Gizlenen gerçekler
Erhan Başyurt 01 Ocak 1970
Türkiye tarihinin en sıkıntılı dönemlerinden birini yaşıyor.
Medya bağımsız ve tarafsız yayın imkanına sahip olmadığı halk gerçekleri öğrenemiyor ve yaşananların gerçek boyutu halktan gizleniyor.
İktidarın uzun yıllardır halının altına süpürdükleri, birikmiş sorunlar, büyük krizler ve çatışmalar olarak karşımıza çıkıyor.
***
Bölücü terörle mücadelede, 1990'lara dönüldü.
7 Haziran'dan bu yana şehit sayımız, Kıbrıs Barış Harekatı'nda verdiğimiz kayıpları aştı.
Her gün bombalı saldırı ya da uzun namlulu silahlarla yeni şehitler veriyoruz.
Jandarma ve polis karakollarına bombalı araçlarla saldırılar düzenleniyor...
Yıkılmış şehir merkezleri adeta Suriye görüntüleri veriyor.
300 bin insan kış günü göçe zorlanıyor...
Ancak medya susturulduğu için, iktidarın ‘hipnoz'u ile yürek yakan bu acıların üstü örtülüyor. Yazılmıyor. Görüntüler paylaşılmıyor. Yokmuş gibi davranılıyor...
***
Türkiye, bir taraftan da sınır aşan IŞİD terörü ile tanışıyor.
İlk defa yabancı bir örgüt bu çapta ve organize şekilde topraklarımızda saldırılar gerçekleştiriyor.
Kilis'e sürekli roketler atılıyor. Sivil halk evinde, balkonunda gelişigüzel öldürülüyor. Şehit ediliyor.

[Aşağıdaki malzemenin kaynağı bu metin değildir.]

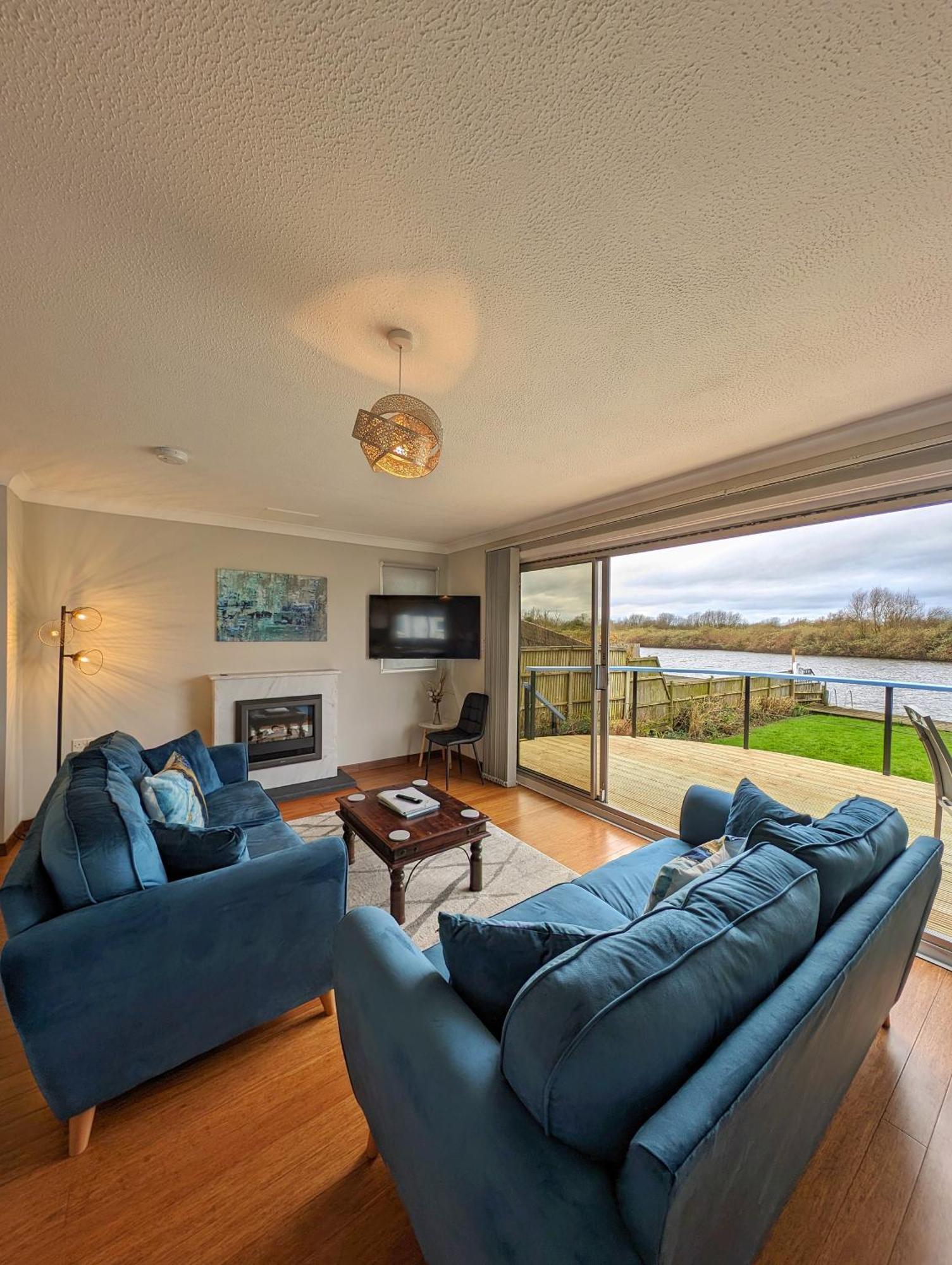 River View - Norfolk Broads Brundall 外观 照片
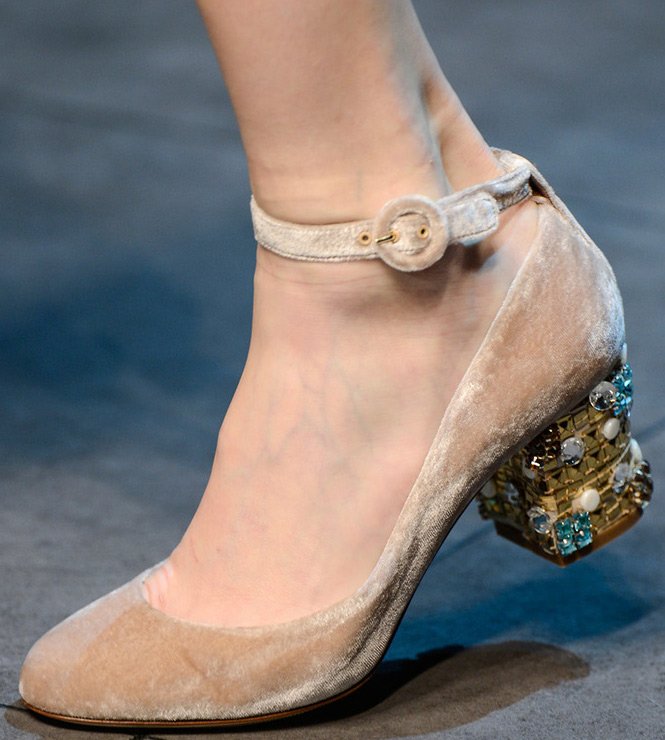 Chaussures pour femmes à la mode Dolce & Gabbana, photo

Şehirlerde bombalı saldırılar düzenleniyor. Artık tarihi camii önünde bile rahatlıkla saldırı gerçekleştiriliyor.
***
Çözüm Süreci ile PKK'nın bugünkü saldırılarına ve kanlı eylemlerine Nasıl fırsat sağlandıysa, IŞİD'e karşı yakın zamana kadar gösterilen tolerans da bugünkü kanlı saldırılara perde araladı.
IŞİD'in Türkiye'yi insan koridoru ve malzeme lojistik üssü gibi kullanmasına göz yumuldu.
Gaziantep, Adıyaman gibi Doğu illerinde, İstanbul'da hatta başkent Ankara'da IŞİD'in adam devşirmesine göz yumuldu.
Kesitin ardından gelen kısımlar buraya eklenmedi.